1.3.2 Databases Flashcards
what is a database
A database is nothing more than an organised collection of data.
Organising data into a database allows for easy:
Adding
Modification
Deletion
Searching
Relational Databases
An entity is an item of interest about which information is stored. A relational database is a recognises the differences between entities by creating different tables for each entity
Flat File
A flat file is a database that consists of a single file. The flat file will most likely be based around a single entity and its attributes.
Very simple, quick to set up, require little expertise to maintain and are suitable for storing small amounts of data.
Primary Key
A primary key is a unique identifier for each record in the table.
Foreign Key
A foreign key is the attribute which links two tables together. The foreign key will exist in one table as the primary key and act as the foreign key in another.
Secondary Key
A secondary key allows a database to be searched quickly.
Normalisation
Normalisation tries to accomplish the following things:
- All field names must be unique
- Values in fields should be from the same domain
- Values in fields should be atomic
- No two records can be identical
- Each table needs a primary key
First Normal Form
There must be no attribute that contains more than a single value.
Second Normal Form
A database which doesn’t have any partial dependencies and is in first normal form can be said to be in second normal form. This means that no attributes can depend on part of a composite key.
Third Normal Form
If the database is in second normal form and contains no non-key dependencies, it is in third normal form. A non-key dependency means the attribute only depends on the value of the primary key and nothing else
Indexing
Indexing is a method used to store the position of each record ordered by a certain attribute. This is used to look up and access data quickly. The primary key is automatically indexed
Capturing Data
Data needs to be input into the database and there are various ways of doing this. The chosen method is always dependent on the context. For example, if pedestrians are participating in a survey, their responses will need to be manually entered.
Data is also captured when people pay cheques. Banks scan cheques using Magnetic Ink Character Recognition (MICR). Optical Mark Recognition (OMR) is used for multiple choice questions on a test. Other forms use Optical Character Recognition (OCR).
Selecting and Managing Data
Selecting the correct data is an important part of data preprocessing. This could involve only selecting data that fits a certain criteria to reduce the volume of input.

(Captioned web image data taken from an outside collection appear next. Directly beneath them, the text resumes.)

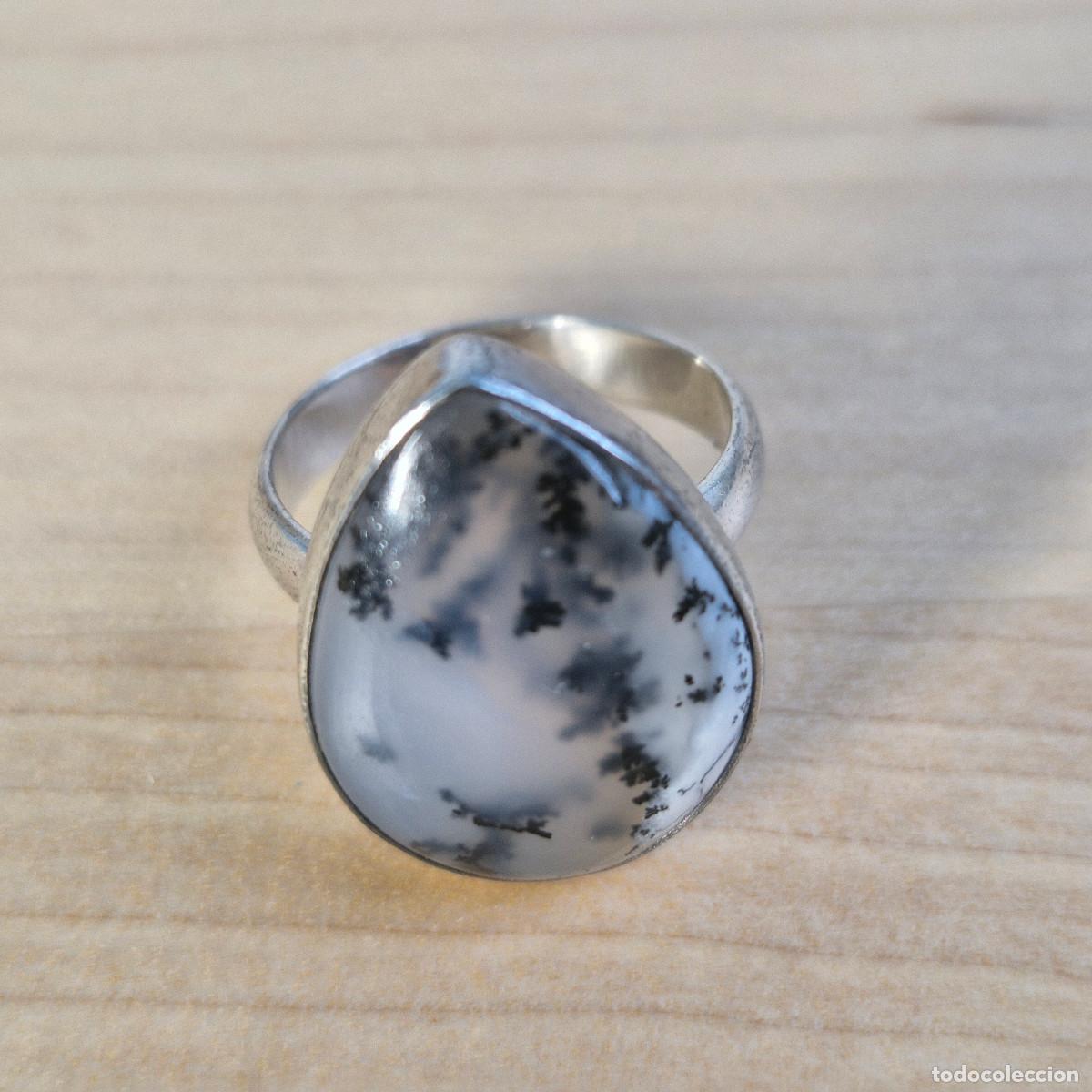 Joyeria: Anillo Plata de Ley 925 Gema de Opalo Dendritico Merlinita Gema Natural Calidad AAA+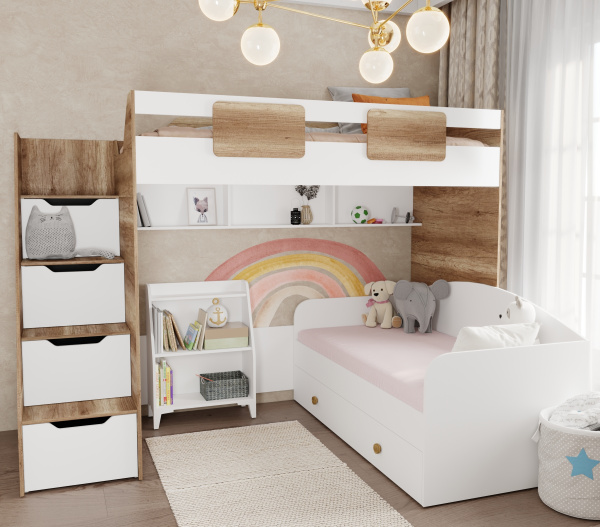 Комплект мебели: кровать-чердак Лайт Лофт + кровать Умка + стеллаж  от Династия Kids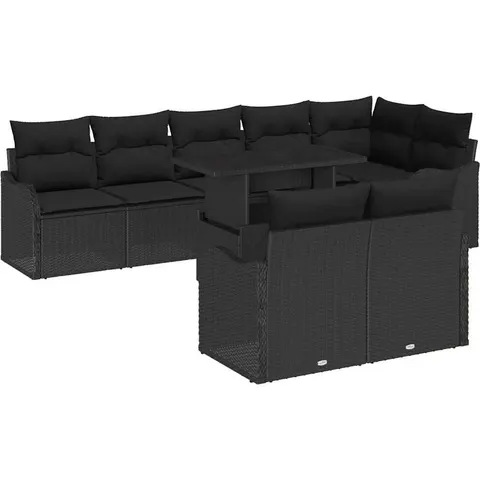 vidaXL Ensemble de canapé de jardin 9 pc Noir – 374295 – image 2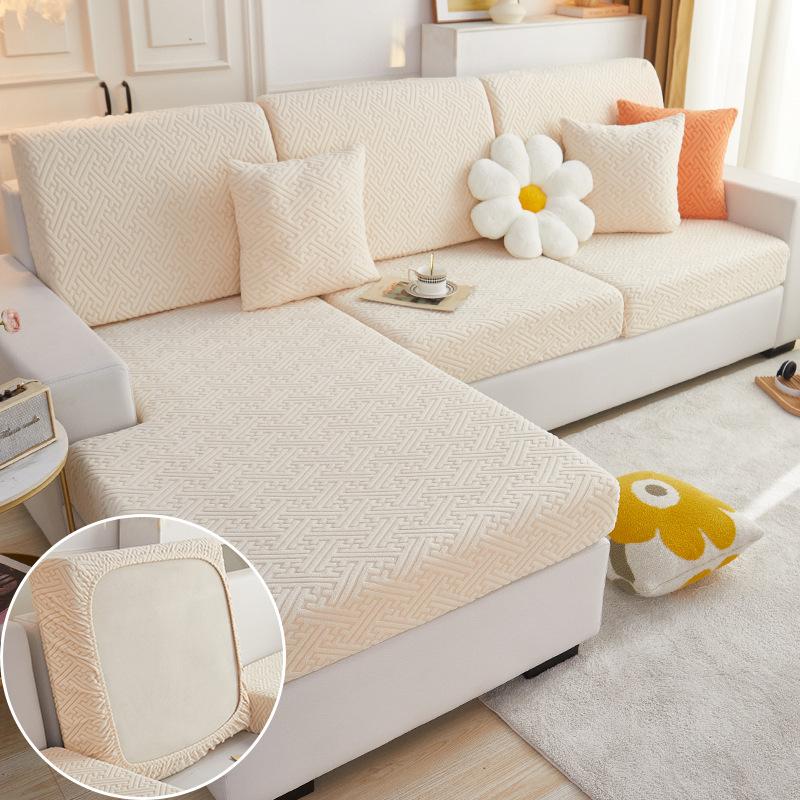 Плюшевый чехол на сиденье дивана для гостиной, бархатная подушка, эластичный угловой диван, 1/2/3/4-местный комплект однотонных чехлов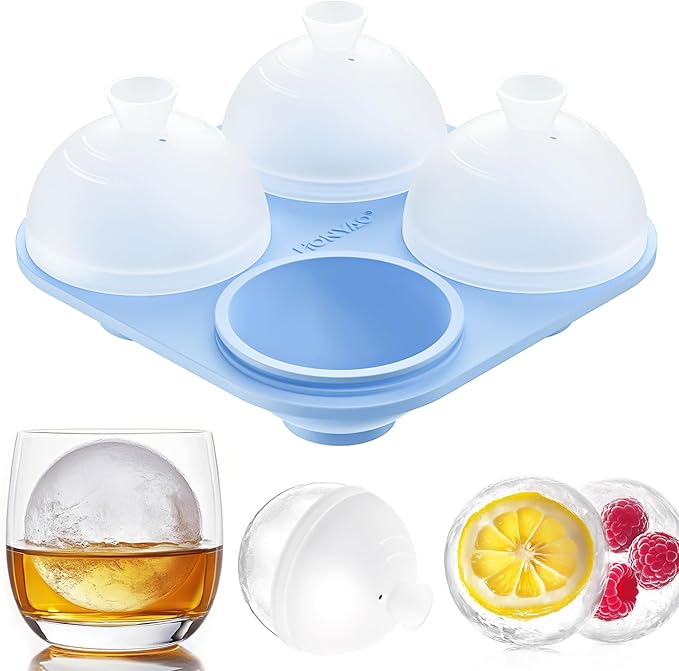 HONYAO Whiskey Ice Ball Mold, 4 x 2.4 Inch Large Ice Ball Maker Mold, Food Grade Silicone Round Ice Cube Mold - BPA Free, Easy to Fill & Release Sphere Ice Cube Tray for Cocktails Bourbon Rum - Blue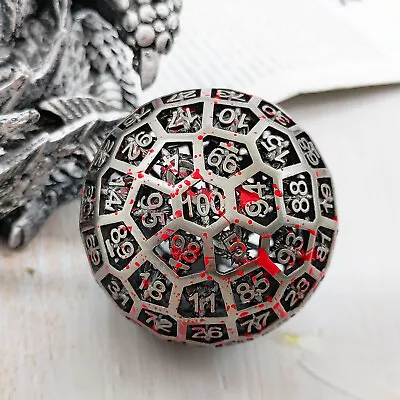 Metal D100 Silver Hollow W/Blood Splatter Paint For Dungeons & Dragons RPG Dice • $22.50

Collected data can be managed using SQL to sort, restructure and select certain sections.
Exchanging Data
Exchanging data is the process of transferring the data that has been collected. One common example of this is EDI (Electronic Data Interchange).
SQL
SQL stands for Structured Query Language and is a declarative Synoptic Link language used to manipulate databases. SQL enables the creating, removing and updating of databases.